American Express Future Earnings and Revenue Growth
Assumptions
How have these above catalysts been quantified?- Analysts are assuming American Express's revenue will grow by 10.8% annually over the next 3 years.
- Analysts assume that profit margins will shrink from 16.3% today to 16.0% in 3 years time.
- Analysts expect earnings to reach $13.5 billion (and earnings per share of $20.09) by about April 2028, up from $10.1 billion today. The analysts are largely in agreement about this estimate.
- In order for the above numbers to justify the analysts price target, the company would need to trade at a PE ratio of 17.3x on those 2028 earnings, down from 17.4x today. This future PE is greater than the current PE for the US Consumer Finance industry at 9.7x.
- Analysts expect the number of shares outstanding to decline by 2.6% per year for the next 3 years.
- To value all of this in today's terms, we will use a discount rate of 7.33%, as per the Simply Wall St company report.
American Express Future Earnings Per Share Growth
Risks
What could happen that would invalidate this narrative?- Macroeconomic uncertainty, including a projection of up to 5.7% unemployment, could negatively impact consumer spending and small business revenue, ultimately affecting American Express’s revenue growth.

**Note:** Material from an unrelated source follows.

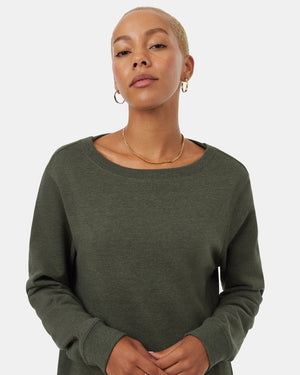 Green-Womens-Crew-Neck-Sweater-Dress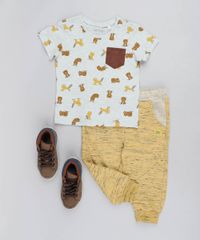 Camiseta-Infantil-Estampada-de-Bichos-com-Bolso-Manga-Curta-Gola-Careca-Cinza-Mescla-Claro-9428857-Cinza_Mescla_Claro_3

- A sequential slowdown in airline billings growth, as observed in the first quarter, could be a risk to overall T&E revenue growth if it indicates a longer-term trend.
- Small business spending may be vulnerable to market fluctuations and pricing pressures, which could lead to decreased transaction volumes and lower revenue from this segment.

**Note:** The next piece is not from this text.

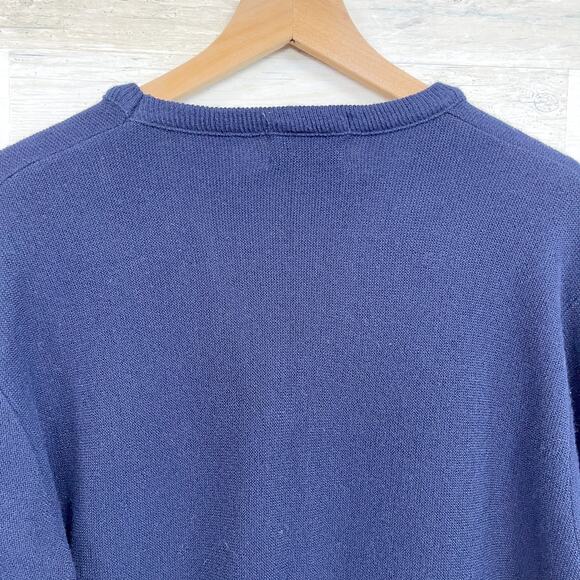 IZOD Lacoste Vintage Orlon Acrylic Sweater Navy Blue V Neck Grandpa Mens Large - Picture 5 of 7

- Heightened credit risk from changes in the macroeconomic environment could affect credit performance, potentially impacting net margins through increased provisions and write-offs.
- Changes in currency exchange rates, particularly the strengthening of the U.S. dollar, present continued headwinds to reported revenue growth which can affect earnings.
Valuation
How have all the factors above been brought together to estimate a fair value?- The analysts have a consensus price target of $290.999 for American Express based on their expectations of its future earnings growth, profit margins and other risk factors. However, there is a degree of disagreement amongst analysts, with the most bullish reporting a price target of $371.0, and the most bearish reporting a price target of just $230.0.
- In order for you to agree with the analyst's consensus, you'd need to believe that by 2028, revenues will be $84.5 billion, earnings will come to $13.5 billion, and it would be trading on a PE ratio of 17.3x, assuming you use a discount rate of 7.3%.
- Given the current share price of $252.42, the analyst price target of $291.0 is 13.3% higher.
- We always encourage you to reach your own conclusions though. So sense check these analyst numbers against your own assumptions and expectations based on your understanding of the business and what you believe is probable.
How well do narratives help inform your perspective?
Disclaimer
Warren A.I. is a tool utilizing a Large Language Model (LLM) that ingests data on consensus price targets, forecasted revenue and earnings figures, as well as the transcripts of earnings calls to produce qualitative analysis. The narratives produced by Warren A.I. are general in nature and are based solely on analyst data and publicly-available material published by the respective companies. These scenarios are not indicative of the company's future performance and are exploratory in nature. Simply Wall St has no position in the company(s) mentioned. Simply Wall St may provide the securities issuer or related entities with website advertising services for a fee, on an arm's length basis. These relationships have no impact on the way we conduct our business, the content we host, or how our content is served to users. The price targets and estimates used are consensus data, and do not constitute a recommendation to buy or sell any stock, and they do not take account of your objectives, or your financial situation. Note that Warren A.I.'s analysis may not factor in the latest price-sensitive company announcements or qualitative material.